Speaker Robin Vos delayed the vote after outrage surged around the news of the budget cuts. Right now, they’re trying to find a way to kill the mask proposal without starving people, but we know where their priorities are.
Tom Nelson, the former State Assembly Majority Leader, county executive, and Johnson’s only declared Democratic opponent, meanwhile, just declared his support for Medicare for All — a move immediately praised by progressive Rep. Mark Pocan. Click through the tweet to watch his video about it:
So, in full disclosure, I’m doing some work to help out Tom’s campaign. Clearly, as long-time readers know, I wouldn’t be doing so if I didn’t believe in his integrity and agree with his political stances. That he’s running against the very odious Sen. Ron Johnson in 2022 is a bonus. But he’ll have to beat two enormously wealthy self-funding candidates to earn the Democratic nomination, which might make it tough despite his being the most electable candidate (as The American Prospect argued last week).

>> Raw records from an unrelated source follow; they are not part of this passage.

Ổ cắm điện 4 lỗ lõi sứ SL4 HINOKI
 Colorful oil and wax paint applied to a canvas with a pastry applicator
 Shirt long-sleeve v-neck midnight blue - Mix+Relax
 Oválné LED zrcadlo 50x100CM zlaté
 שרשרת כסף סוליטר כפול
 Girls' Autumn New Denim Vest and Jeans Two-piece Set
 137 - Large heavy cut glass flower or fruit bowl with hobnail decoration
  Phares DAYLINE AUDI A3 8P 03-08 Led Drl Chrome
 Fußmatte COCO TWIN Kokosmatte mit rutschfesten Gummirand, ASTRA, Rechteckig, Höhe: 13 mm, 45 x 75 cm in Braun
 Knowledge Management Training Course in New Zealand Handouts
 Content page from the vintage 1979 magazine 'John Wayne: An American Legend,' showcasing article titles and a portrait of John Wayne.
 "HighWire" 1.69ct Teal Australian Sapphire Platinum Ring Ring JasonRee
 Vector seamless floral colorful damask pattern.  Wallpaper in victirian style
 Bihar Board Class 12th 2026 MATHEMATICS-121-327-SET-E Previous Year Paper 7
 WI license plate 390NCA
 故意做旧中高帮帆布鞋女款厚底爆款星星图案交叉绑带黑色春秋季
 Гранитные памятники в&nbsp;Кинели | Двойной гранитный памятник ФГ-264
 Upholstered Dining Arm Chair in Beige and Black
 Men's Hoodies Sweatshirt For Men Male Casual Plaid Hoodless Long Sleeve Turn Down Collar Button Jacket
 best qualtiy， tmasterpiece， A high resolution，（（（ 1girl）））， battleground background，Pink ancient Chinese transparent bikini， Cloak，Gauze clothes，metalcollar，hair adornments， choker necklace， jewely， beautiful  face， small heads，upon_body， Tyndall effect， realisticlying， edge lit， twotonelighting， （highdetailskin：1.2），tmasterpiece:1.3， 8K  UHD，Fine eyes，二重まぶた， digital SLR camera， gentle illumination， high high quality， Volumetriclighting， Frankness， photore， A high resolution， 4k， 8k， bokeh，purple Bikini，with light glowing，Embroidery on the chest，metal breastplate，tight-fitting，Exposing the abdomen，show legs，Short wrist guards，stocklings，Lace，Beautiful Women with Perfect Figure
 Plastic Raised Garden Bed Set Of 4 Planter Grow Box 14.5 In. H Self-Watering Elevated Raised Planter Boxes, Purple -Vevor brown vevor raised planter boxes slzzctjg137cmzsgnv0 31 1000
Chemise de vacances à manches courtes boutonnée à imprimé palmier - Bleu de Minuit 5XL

The FCC deadline is here, as you’ve undoubtedly been told a thousand times in fundraising emails. Tom is working hard to raise money, but if you want to help the progressive, electable choice get the nomination in Wisconsin and ensure Democrats don’t make the same mistakes as they did with 2020 candidates, any donation would be amazing. (And to be clear, he didn’t ask me to write this, I just believe in the guy.)
North Dakota: Here’s a very interesting story: State Rep. Jason Dockter recently introduced House Bill 1420 (lol), which would legalize recreational marijuana in the very Republican state of Nebraska. What’s notable here is that Dockter is a Republican… and an anti-weed Republican at that.
Voters in South Dakota just legalized both medical and recreational marijuana, and pro-pot organizations are lining up to get weed on the ballot in 2022 in North Dakota. Instead of fighting the inevitable with endless lawsuits, Dockter decided to get out ahead of the curve and pass legal weed with more strict limits than any ballot initiative would include.
Idaho: On the other hand, Idaho Republicans are trying to do the opposite. Already one of three states to not allow any sort of THC product, even for medical use, Idaho Republicans have put forward a constitutional amendment that would outright ban all psychoactive drugs. That’s a large roster, considering the state’s existing prohibitions, but their eyes are really on marijuana, which has been legalized in all of the states that border Idaho. It would ban medical marijuana and perhaps even CBD oil, which is pretty nuts (even if personally I don’t think CBD oil does much?).
Also, the main sponsor’s name is Rep. Scott Grow, which is funny.
National: As with most Republican legislation right now, the proposed Idaho ban is just as much performance as it is actual policy proposal. The reality is that marijuana is getting closer and closer to being legalized nationwide, especially now that so many states are facing huge budget deficits. Legal cannabis sales hit $20 billion last year and that’s without states such as New York, New Jersey, Florida, and Texas having legal recreational weed. It’s going to be legal in NJ very soon and NY is just around the bend. Can’t come soon enough.